Empreendedores contam como lidam com sobrecarga mental

Renan Marra
| Tempo de leitura: 1 min

Diante da incerteza e da queda de receita, quase um terço dos empreendedores brasileiros buscou ajuda psicológica na pandemia. O estudo é da Troposlab, empresa de inovação, em parceria com a UFMG (Universidade Federal de Minas Gerais).

De acordo com o levantamento, 30,1% dos empresários recorreram a tratamento profissional. A pesquisa foi feita com 312 pessoas em 18 estados e no Distrito Federal. Comparado ao ano passado, mais empreendedores estão usando medicamentos psiquiátricos - 26% neste ano, enquanto 16% disseram ter tomado medicação em 2020. O uso de ansiolíticos saltou de 6% para 10%, e de antidepressivos de 3% para 8%.

Na Vibe Saúde, startup de telemedicina, houve aumento no diagnóstico de burnout entre os donos de negócios, afirma a psicóloga Isadora Bettarello, coordenadora do setor de psicologia. Segundo ela, os sintomas se manifestam de forma física e psicológica, com estresse prolongado, dificuldade de concentração, falta de memória, dor de cabeça e sudorese.

Sem o tratamento adequado ou mudanças de hábitos, o quadro pode evoluir para depressão severa e estagnação completa, afirma Bettarello.
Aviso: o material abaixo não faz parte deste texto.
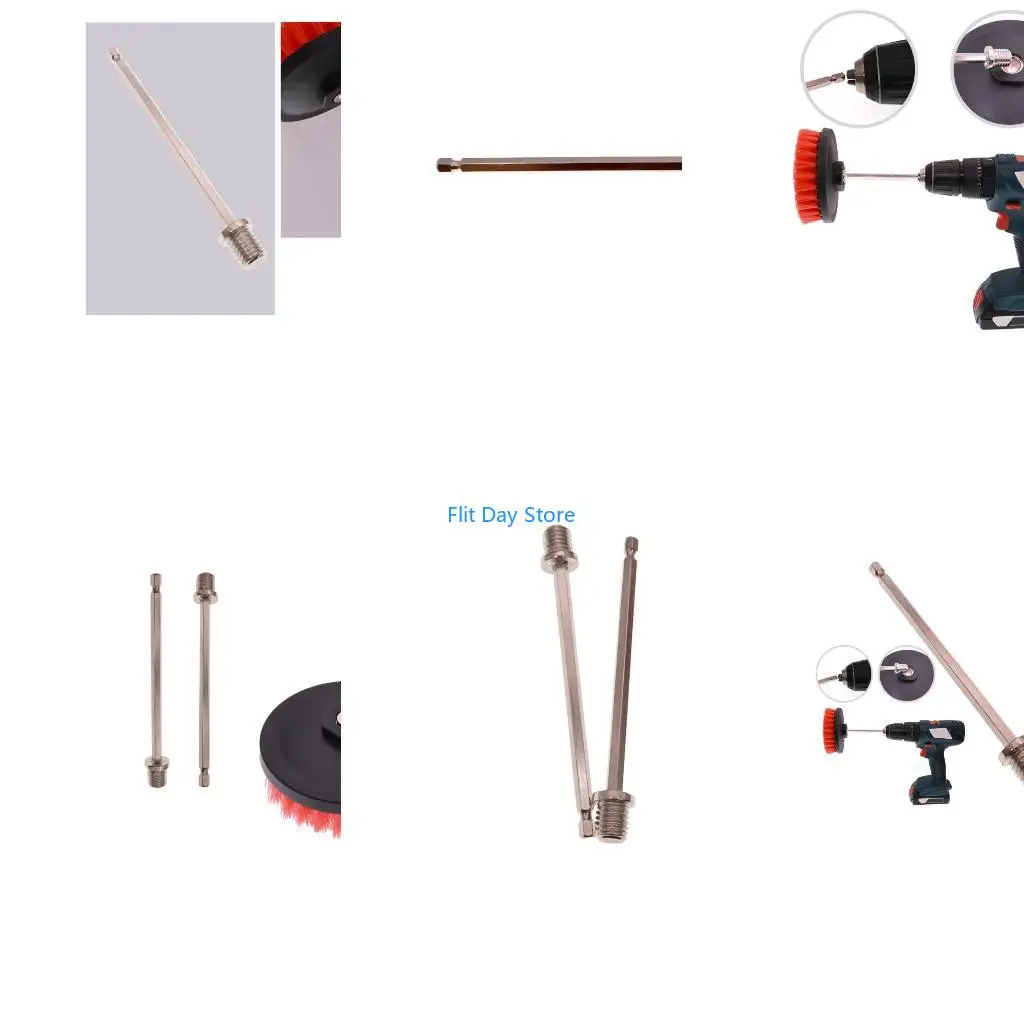 F92C Hexagonal Drill Adapter Extended Rod 140mm Length M14 Fittings For Power Tool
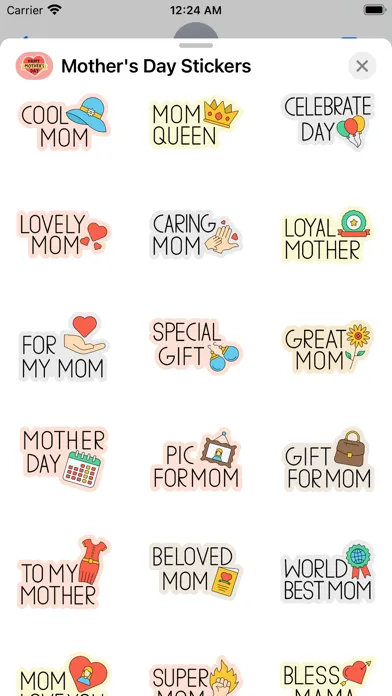 Captures d'écran de Mother's Day Stickers 2024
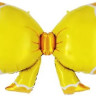 Шар (36''/91 см) Фигура, Бант, Желтый, 1 шт.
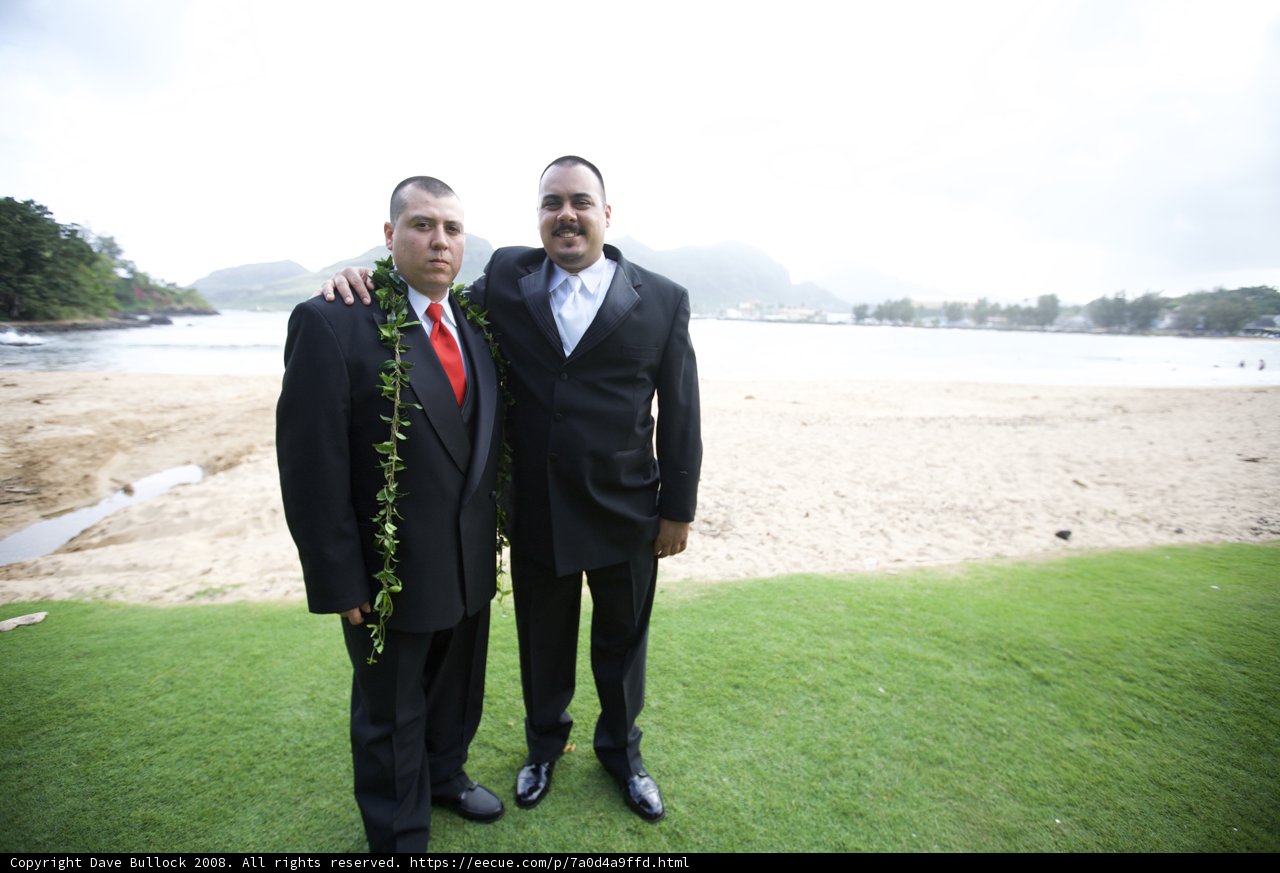 Suited Up on the Hawaii Shore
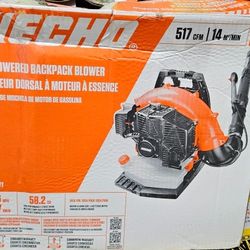 New ECHO gasoline backpack blower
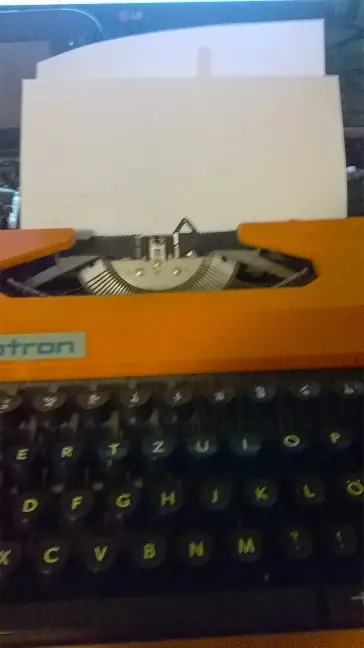 typewriter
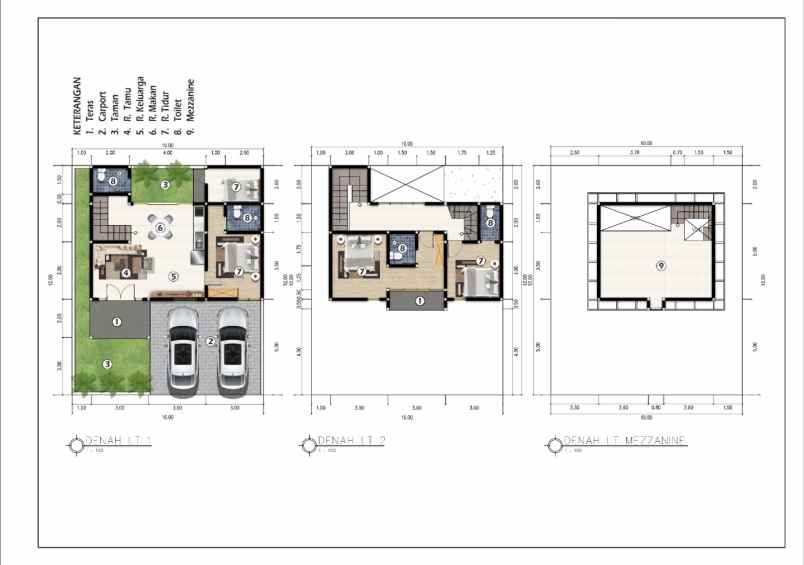 rumah classic modern 3 lantai cinere akses lebak bulus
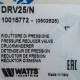 Watts  DRV 25 N редуктор давления DRV-N 1" со шкалой регулировки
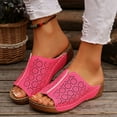 thumbnail image 5 of Viluyesy Womens Wedge Sandals, Soft Sole Arch Support Slip-On Spring Summer Comfort Slide Shoes Pink 6.5, 5 of 8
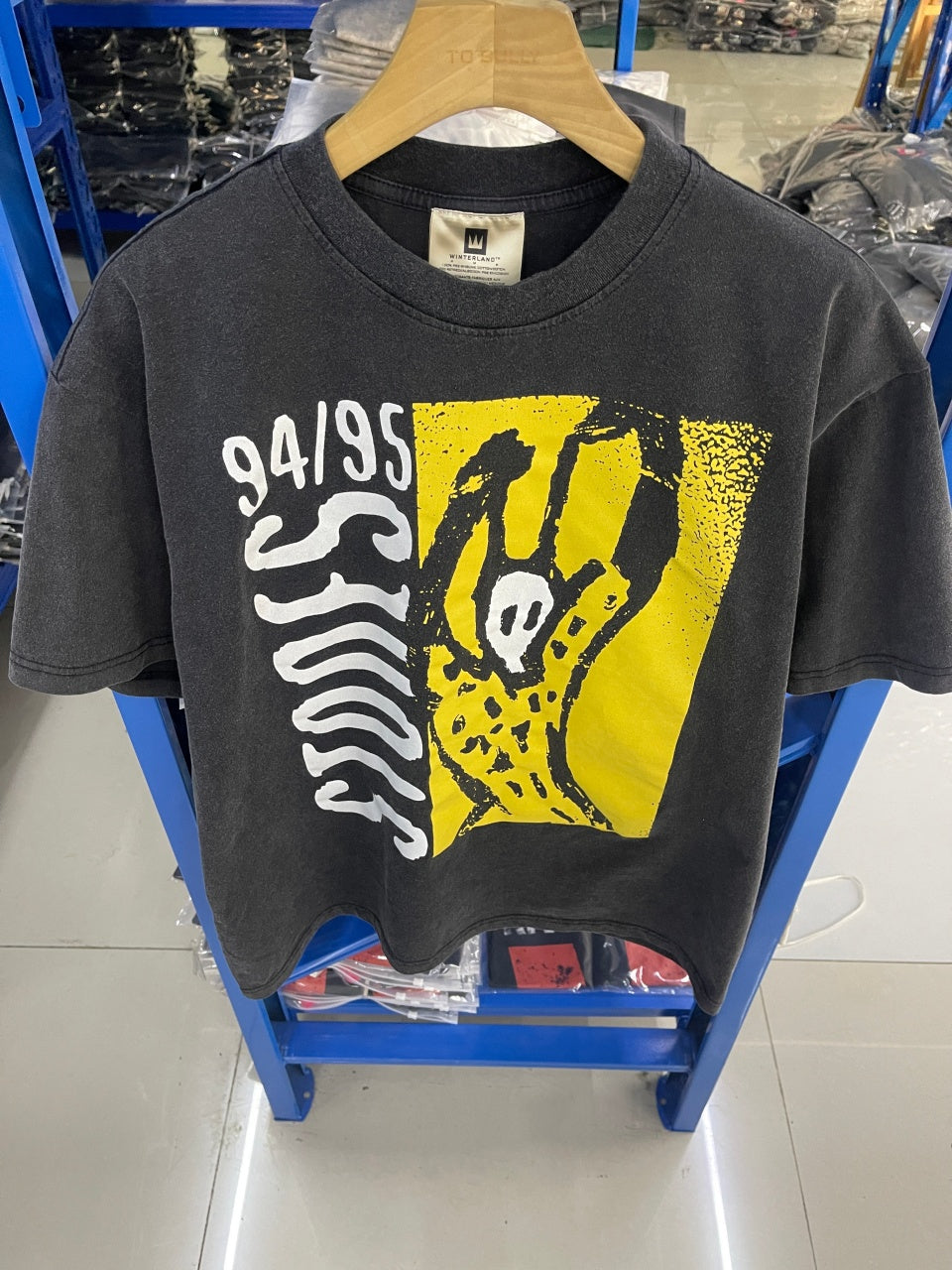 Vintage style washed summer wear T shirt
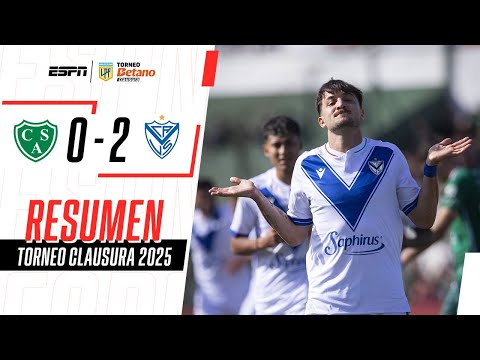 EL FORTÍN FESTEJÓ EN JUNÍN Y ES ESCOLTA EN LA ZONA B | Sarmiento 0-0 Vélez | RESUMEN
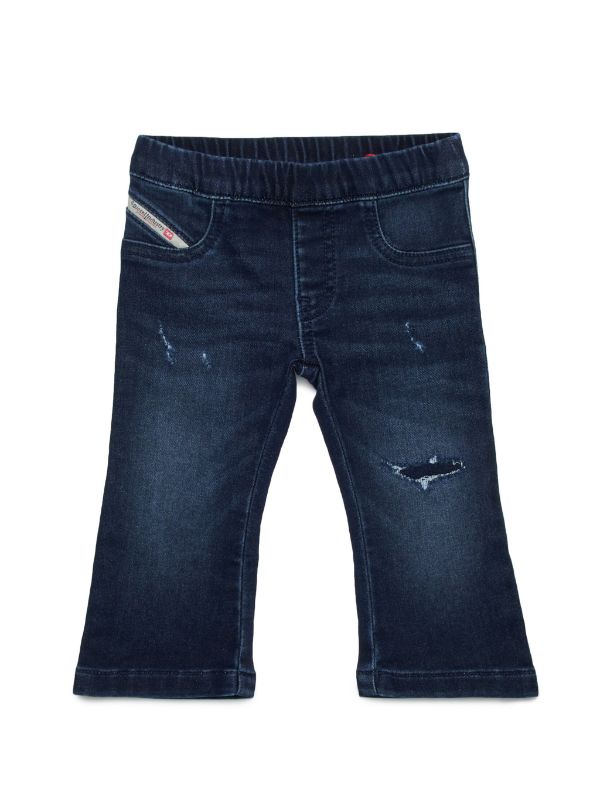 Kids distressed fashion denim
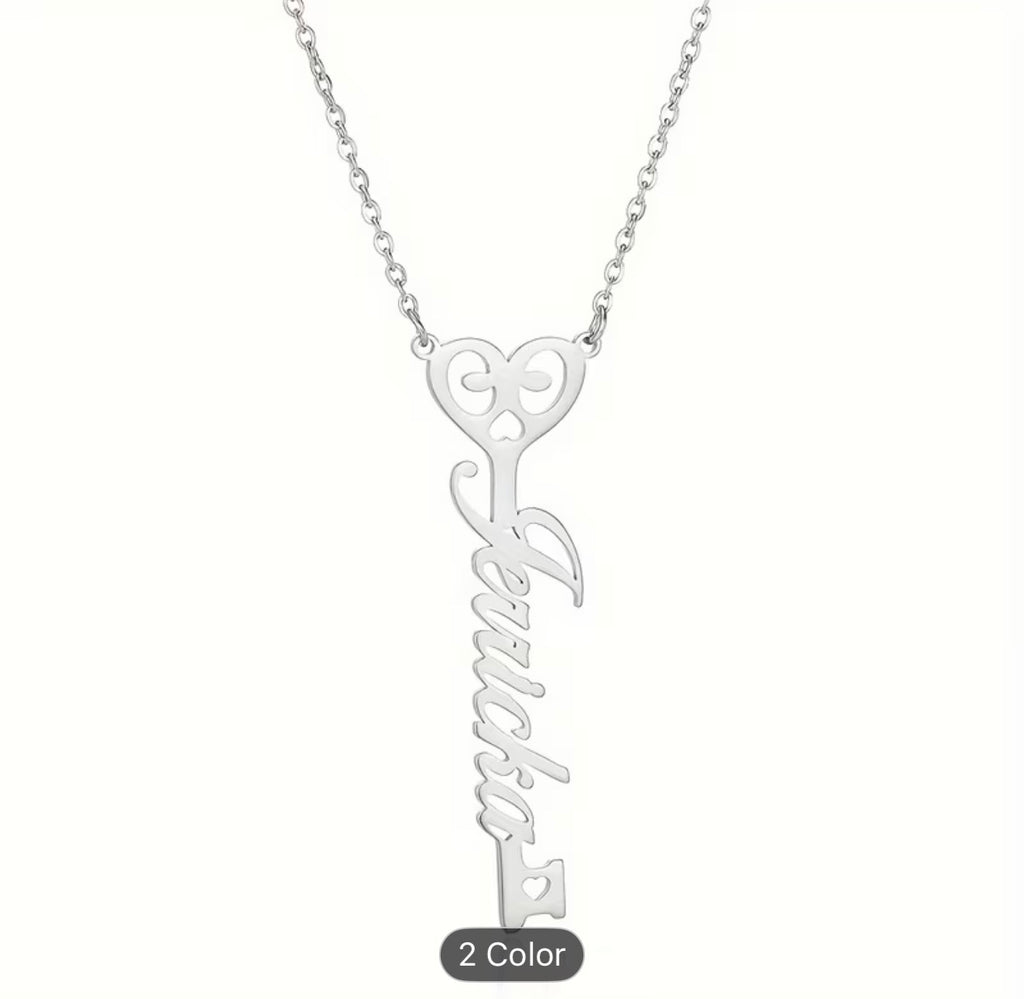 Personalize the Necklace with the Key of Abundance.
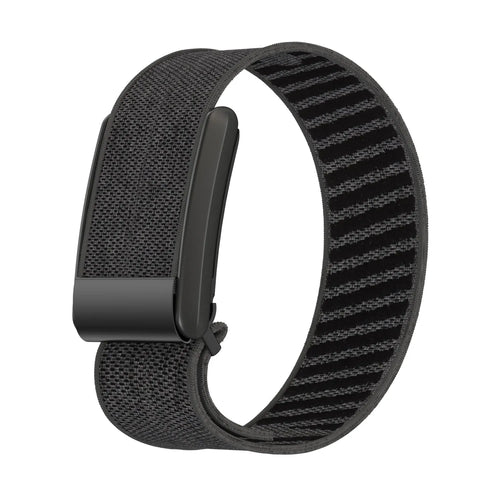 WHOOP MG Knitted Nylon Strap (Black/Grey)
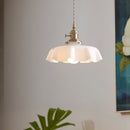 Vintage French Flower Pendant Light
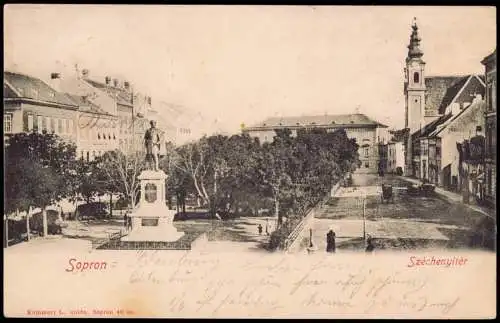 Postcard Ödenburg Sopron Széchenyitér Platz 1916  Magyar Ungarn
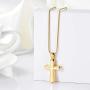zeqingjw Cross Urn Necklaces Cremation Jewelry for Ashes Pendants Stainless Steel Memorial Keepsake Ash Jewelry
As mulheres sofreram mais psicologicamente com a pandemia, segundo o estudo da Troposlab. Elas apresentaram mais sintomas severos de ansiedade (12,5%) em comparação com homens (2,8%), estresse (7,3% contra 1,1%) e também depressão (6,6% contra 2,8%).

"O empreendedorismo acompanhado do home office fez com que as mulheres ficassem ainda mais atarefadas. A cobrança é maior, e muitas vezes, até inconscientemente, elas entram em conflito interno", diz Cintia Martins, consultora do Sebrae-SP.